“Sì all’ispezione della tomba di De Pedis”

di Maria Elena Vincenzi

“la Repubblica” del 5 luglio 2010

Sono passati più di 27 anni dalla scomparsa di Emanuela Orlandi, ma solo due giorni fa il vicariato di Roma ha dato il «nulla osta» all’autorità giudiziaria per ispezionare la basilica di Sant’Apollinare, a due passi da piazza Navona. La chiesa in cui è sepolto Enrico “Renatino” De Pedis, uno dei boss della banda della Magliana e mente del rapimento dell’adolescente. E la Procura di Roma ha intenzione di approfittarne.

Un via libera di iniziativa del Vaticano (i pm non lo avevano mai chiesto) che è stato comunicato

solo ieri e che potrebbe aprire un nuovo spiraglio nelle indagini su Emanuela Orlandi, la cittadina vaticana di 15 anni scomparsa quasi 30 anni fa. Il legame tra il rapimento dell’adolescente e il boss della banda della Magliana è ormai stato accertato dal procuratore aggiunto Giancarlo Capaldo e dal sostituto Simona Maisto, tanto che nel registro degli indagati, per la prima volta dal giorno del sequestro, il 22 giugno del 1983, sono state iscritte tre persone, tutte legate a De Pedis, oggi ritenuto l’ideatore dell’operazione. Una regia che, però, non era così chiara quando, nel luglio del 2005, un uomo, (di cui oggi si sa anche il nome, Carlo Alberto De Tomasi, figlio di “Sergione” Giuseppe De Tomasi, identificato come quel “Mario” che telefonò alla famiglia Orlandi pochi giorni dopo la scomparsa dell’adolescente) chiamò “Chi l’ha visto” e disse: «Per trovare la soluzione del caso Orlandi andate a vedere chi è sepolto nella cripta della basilica di Sant’Apollinare». Cioè Renatino.

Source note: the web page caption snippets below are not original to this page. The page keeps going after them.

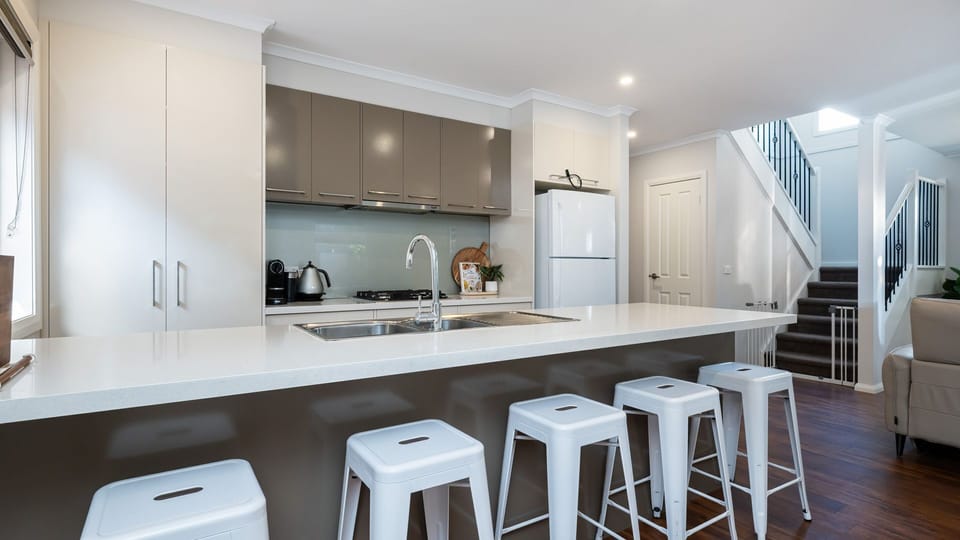 Fully equipped kitchen with breakfast bench and seating for five. 
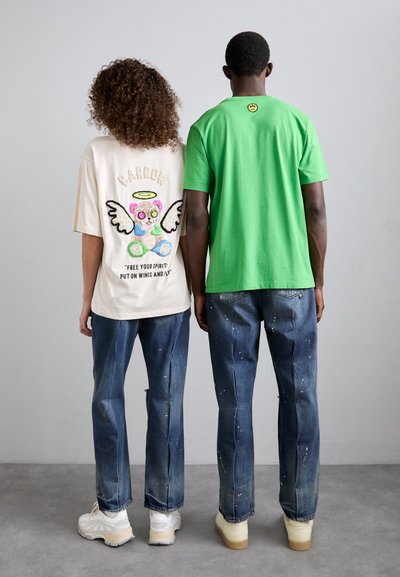 T-shirt crème surdimensionné avec un graphique coloré de ours et le texte "LIBÉREZ VOTRE ESPRIT" ; T-shirt vert ; les deux associés avec un jean bleu déchiré et des baskets.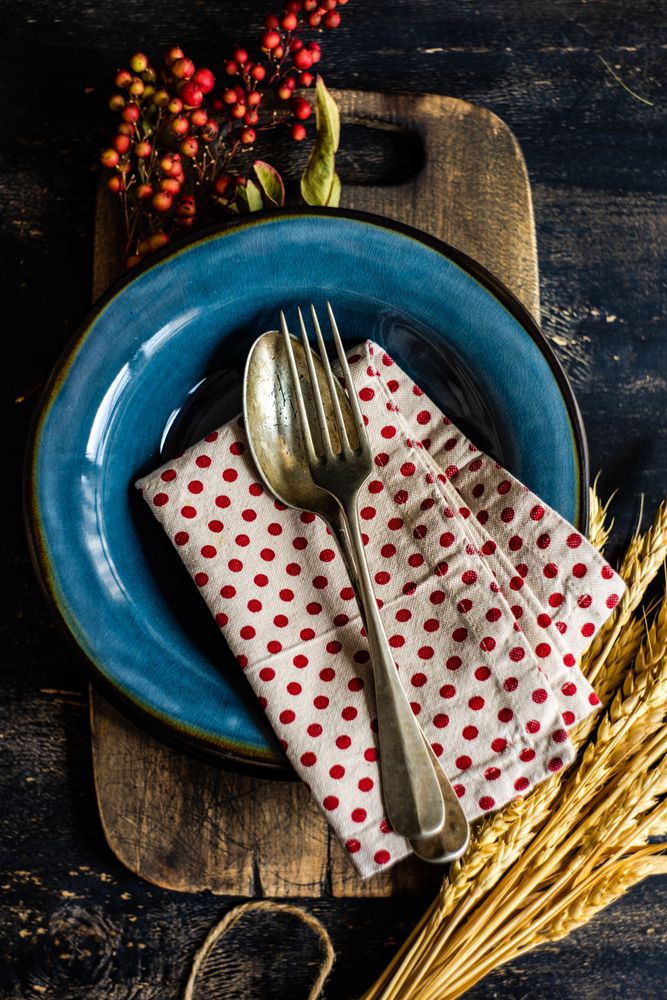 Autumn table setting with polka dot napkin, wheat and berry garnish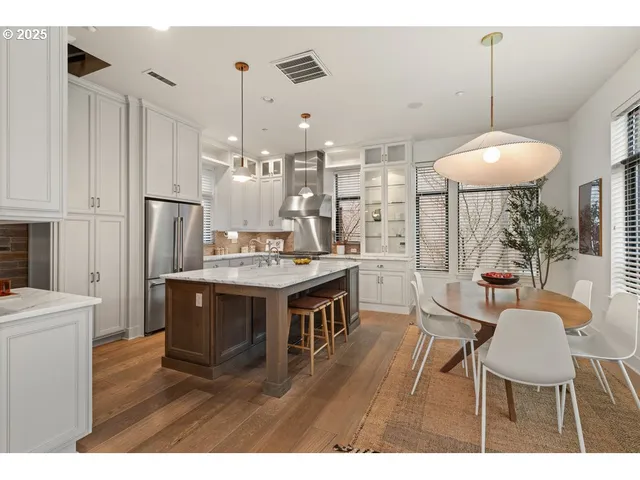 a kitchen with kitchen island a dining table chairs stainless steel appliances and cabinets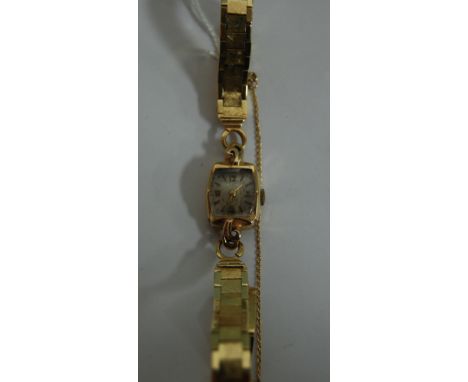 A yellow metal cased ladies cocktail watch, having manual wind movement, on unmarked yellow metal bracelet, gross weight 23.6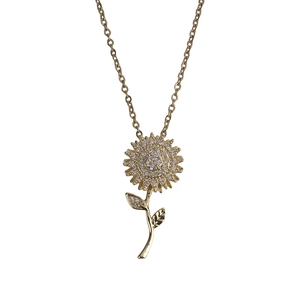 Dettaglio della collana con ciondolo a girasole rotante con zirconi e finitura oro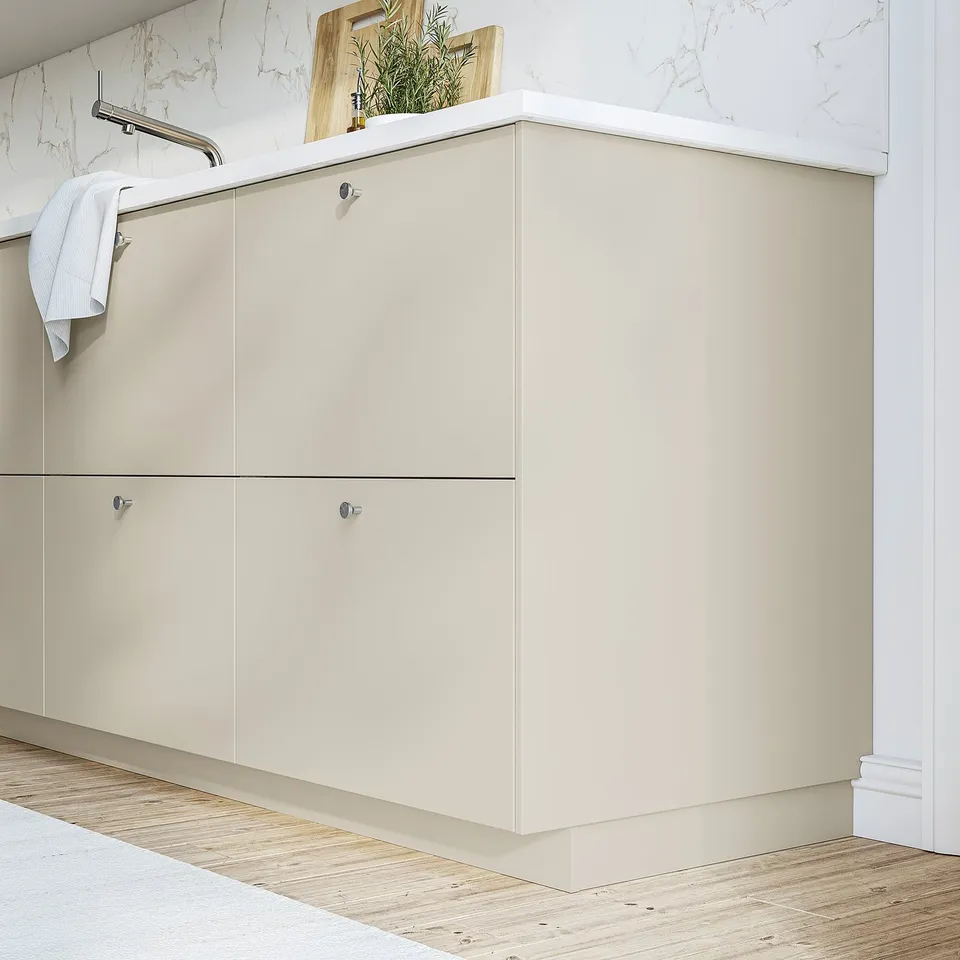 HAVSTORP beige cabinet with smooth front; wooden floor; marble backsplash; towel rail.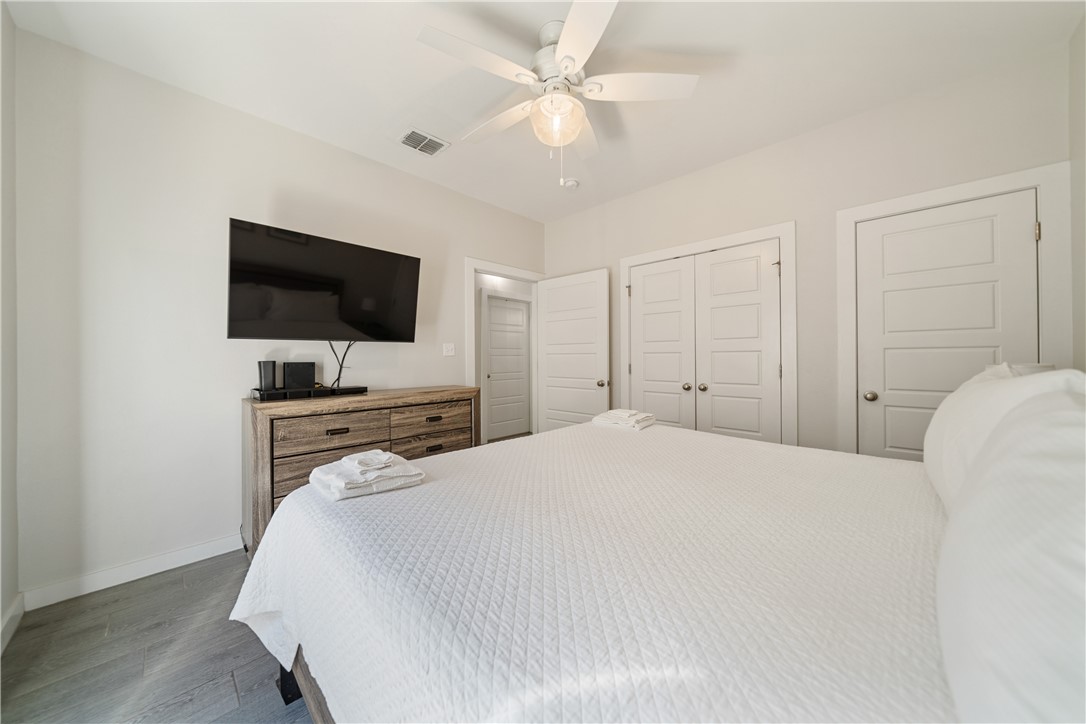 15113 Kokomo Drive Corpus Christi, TX 78418 - Photo 16 of 25 a bedroom with a bed and a flat screen tv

Una sepoltura “eccellente”, pagata, pare, 500 milioni di lire. Ipotesi sempre negata dalla famiglia del boss, dai fratelli e dalla vedova, Carla Di Giovanni, e dalla Chiesa, dal cardinale Ugo Poletti, allora arcivescovo vicario di Roma che ha concesso la sepoltura, e dal rettore della Basilica, monsignor Piero Vergari, che ha detto che «il signor De Pedis» meritava quel “prestigioso riposo” perché era un «grande benefattore».

Sta di fatto che, fino ad oggi, la bara era sempre stata off-limits: i magistrati e il capo della squadra mobile capitolina, Vittorio Rizzi, fecero un sopralluogo nella cripta qualche mese fa, ma l’ipotesi di aprire il sepolcro non era ancora stata presa in considerazione. Non era una priorità, spiegano in procura. Ora però, il Vicariato la mette a disposizione (scelta superflua, in realtà, visto che la basilica non godeva dell’extraterritorialità): «In relazione alla vicenda riguardante la tumulazione del signor Enrico De Pedis nelle camere mortuarie della chiesa di Sant’Apollinare, avvenuta nel 1990, il Vicariato di Roma comunica il nulla osta da parte dell’Autorità ecclesiastica che, su richiesta della magistratura italiana competente, la tomba del Signor De Pedis possa essere ispezionata» e che «la salma possa essere traslata altrove».

L’impressione è che quella tomba “famosa” inizi ad essere un peso. Forse per “favori economici” che avrebbero permesso quella sepoltura, forse per il sospetto, più volte girato che, nella bara con De Pedis, ci fosse anche Emanuela Orlandi. Versione, quest’ultima, che non convince gli inquirenti.  Quale che sia il motivo di questa apertura del Vicariato, i pm sono intenzionati a verificare in tempi rapidi.

Tiepidi i parenti di Emanuela. «Noi aspettiamo i fatti – dice la sorella, Natalina Orlandi – Non ho mai pensato che Emanuela possa essere sepolta con De Pedis. Certo, come cattolica pensare che un boss della malavita possa riposare in una basilica, non fa piacere».